§ SOURCE MATERIAL:
○ ○ ○
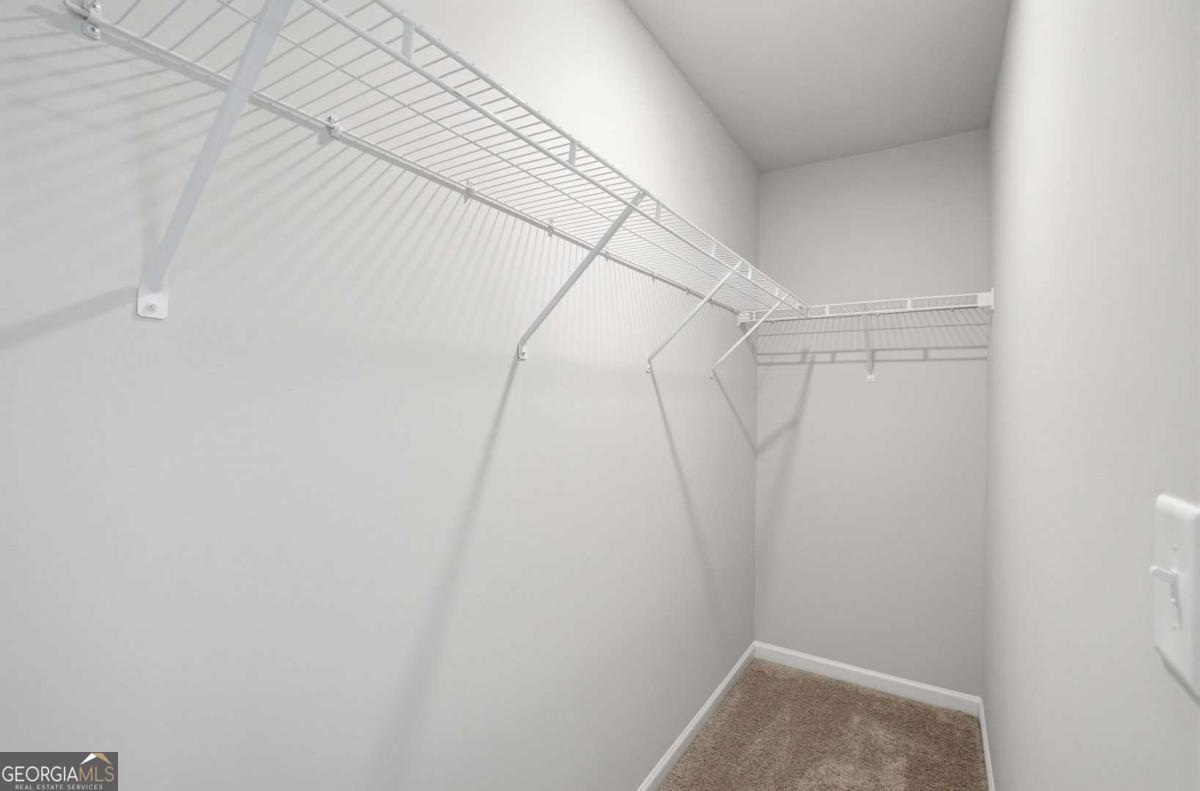 5350 Fox Den Road Property Photo 18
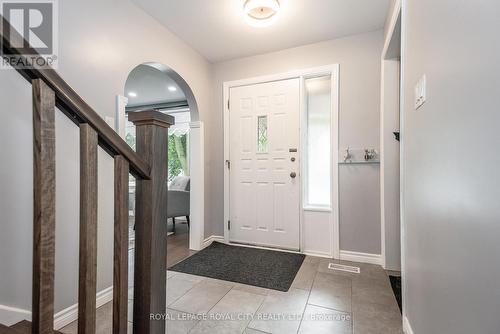 236 Ironwood Road, Guelph, ON - Indoor Photo Showing Other Room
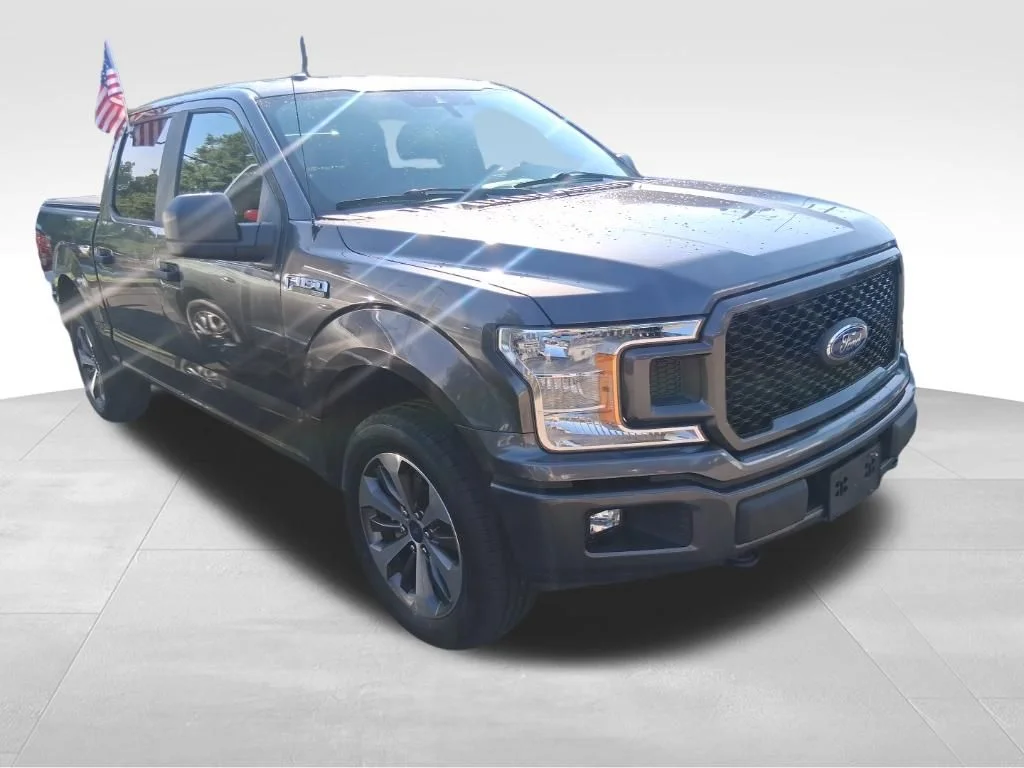 Used 2019 Gray Ford XL image 12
○ ○ ○
§ EXERCISE: Locate "236 Ironwood Road, Guelph, ON" in the listing above, then print exactly the lines from that line through the final one, omitting all pictures.

§ SOLVED PROBLEM:
 236 Ironwood Road, Guelph, ON - Indoor Photo Showing Other Room
 Used 2019 Gray Ford XL image 12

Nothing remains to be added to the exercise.